Com relação aos jovens e jovens adultos, é preciso também levar em conta o aumento dos casos de suicídio.
“Os adolescentes na faixa de 12 a 16 anos de idade ficaram dois anos em casa em uma fase em que a socialização é muito importante na formação de tribos e de grupos, e isso não aconteceu. Esses adolescentes ficaram dentro de casa convivendo on-line, no mundo virtual. A consequência é que, agora, temos uma juventude que não sabe lidar com o embate, não sabe trabalhar o emocional. Estamos tendo um boom de adolescentes com transtornos comportamentais, transtornos de humor e quadros depressivos, isso porque eles não conhecem as emoções ruins e também não sabem viver em sociedade”, diz Gesika.
“No meu trabalho, tenho visto uma quantidade muito grande de meninos e de crianças com quadros de automutilação, com transtornos depressivos e tentativas de suicídio, isso porque qualquer negativa, qualquer falta de sucesso na vida real é uma experiência extremamente dolorosa para eles”, detalha a especialista.

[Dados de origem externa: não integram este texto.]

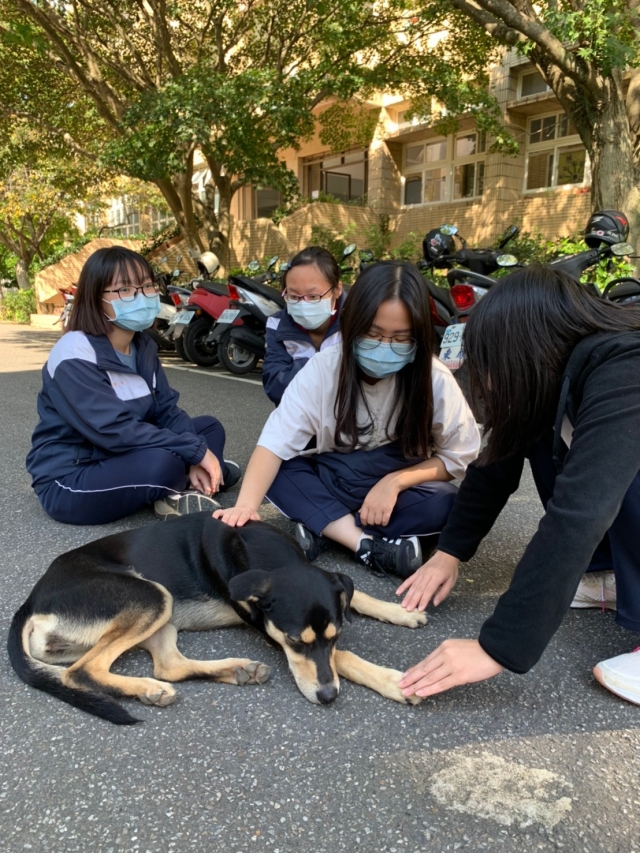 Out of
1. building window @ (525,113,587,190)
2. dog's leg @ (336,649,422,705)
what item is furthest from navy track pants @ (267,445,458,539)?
building window @ (525,113,587,190)

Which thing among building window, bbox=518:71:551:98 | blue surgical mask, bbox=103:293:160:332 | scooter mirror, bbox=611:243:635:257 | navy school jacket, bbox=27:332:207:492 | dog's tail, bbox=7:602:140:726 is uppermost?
building window, bbox=518:71:551:98

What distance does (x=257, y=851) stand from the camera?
140 cm

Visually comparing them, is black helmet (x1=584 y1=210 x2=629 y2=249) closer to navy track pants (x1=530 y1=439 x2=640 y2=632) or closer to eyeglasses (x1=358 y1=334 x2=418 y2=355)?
eyeglasses (x1=358 y1=334 x2=418 y2=355)

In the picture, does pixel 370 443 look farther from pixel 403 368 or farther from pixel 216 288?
pixel 216 288

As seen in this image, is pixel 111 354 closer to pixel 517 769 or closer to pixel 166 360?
pixel 517 769

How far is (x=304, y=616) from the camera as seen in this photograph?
1.95 meters

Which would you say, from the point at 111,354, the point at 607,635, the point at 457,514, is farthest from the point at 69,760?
the point at 111,354

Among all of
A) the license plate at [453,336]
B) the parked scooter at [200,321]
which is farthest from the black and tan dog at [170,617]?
the parked scooter at [200,321]

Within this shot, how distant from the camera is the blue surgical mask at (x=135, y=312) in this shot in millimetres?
3252

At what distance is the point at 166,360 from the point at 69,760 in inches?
375

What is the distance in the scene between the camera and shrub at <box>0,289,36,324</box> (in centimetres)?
2252

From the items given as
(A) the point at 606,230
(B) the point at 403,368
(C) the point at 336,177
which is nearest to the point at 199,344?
(A) the point at 606,230

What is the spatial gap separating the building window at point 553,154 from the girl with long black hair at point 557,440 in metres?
15.8

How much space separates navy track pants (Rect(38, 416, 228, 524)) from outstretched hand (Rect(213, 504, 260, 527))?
85cm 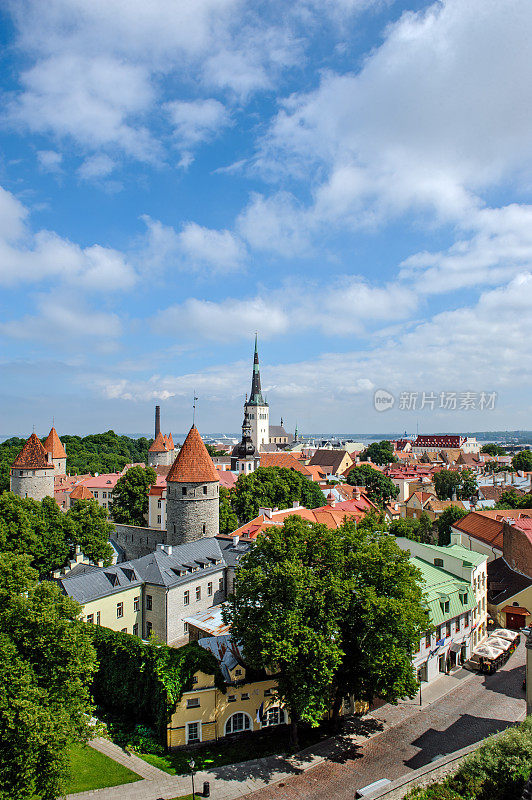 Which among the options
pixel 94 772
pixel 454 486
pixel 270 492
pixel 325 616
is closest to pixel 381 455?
pixel 454 486

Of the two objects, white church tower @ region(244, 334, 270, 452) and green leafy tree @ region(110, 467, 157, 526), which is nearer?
green leafy tree @ region(110, 467, 157, 526)

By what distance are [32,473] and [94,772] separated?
133 ft

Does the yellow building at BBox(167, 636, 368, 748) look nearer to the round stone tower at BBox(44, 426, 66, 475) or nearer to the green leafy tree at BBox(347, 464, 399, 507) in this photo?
the green leafy tree at BBox(347, 464, 399, 507)

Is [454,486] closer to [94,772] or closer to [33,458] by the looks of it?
[33,458]

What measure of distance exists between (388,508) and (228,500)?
2529 centimetres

“São crianças que ficaram dois anos dentro de casa e desaprenderam, ou perderam, uma fase de grande aquisição e desenvolvimento da própria cidadania, por isso elas não sabem lidar com o mundo real, não foram preparadas, não sabem nem ao menos nomear o que estão sentindo”, complementa.
COMO ENFRENTAR
O acesso a atendimento e a tratamento de qualidade deve ser prioridade para que a situação da saúde mental em nosso País seja de fato transformada. É o que defende a médica, que vem militando mais intensamente pela causa desde o início da pandemia.
“O tratamento precisa vir a público, tornar-se mais acessível a todos. Outro ponto é o tratamento de transtornos mentais para a prevenção do suicídio, pois falar apenas não resolve. Os jovens não procuram tratamento, eles não têm nenhuma iniciativa. Eles só procuram quando veem que um outro jovem da mesma turma, algum amigo ou conhecido com que tenham alguma identificação, procurou por tratamento”, afirma.
Em primeiro lugar, precisamos nos adaptar ao novo, a essa nova realidade que se apresentou para todos nós.
“E precisamos ensinar os jovens a reconhecer as próprias emoções. Precisamos ensinar os pais a serem pais, porque hoje eles se encontram perdidos. Diferentemente de nós, que aprendemos a enfrentar as dificuldades e a viver nossa verdade e liberdade, as novas gerações não sabem lidar com a adversidade, não aprenderam a lutar”, diz Gesika.
“É uma geração que não sofreu e, de repente, perdeu tudo o que tinha. Seu mundo deixou de ser cor-de-rosa. Outra coisa importante é a quebra do preconceito. É preciso trazer a discussão para a mídia, discutir o adoecimento que esses jovens estão passando. E também precisamos vencer as barreiras do preconceito do tratamento de saúde mental”, finaliza a especialista.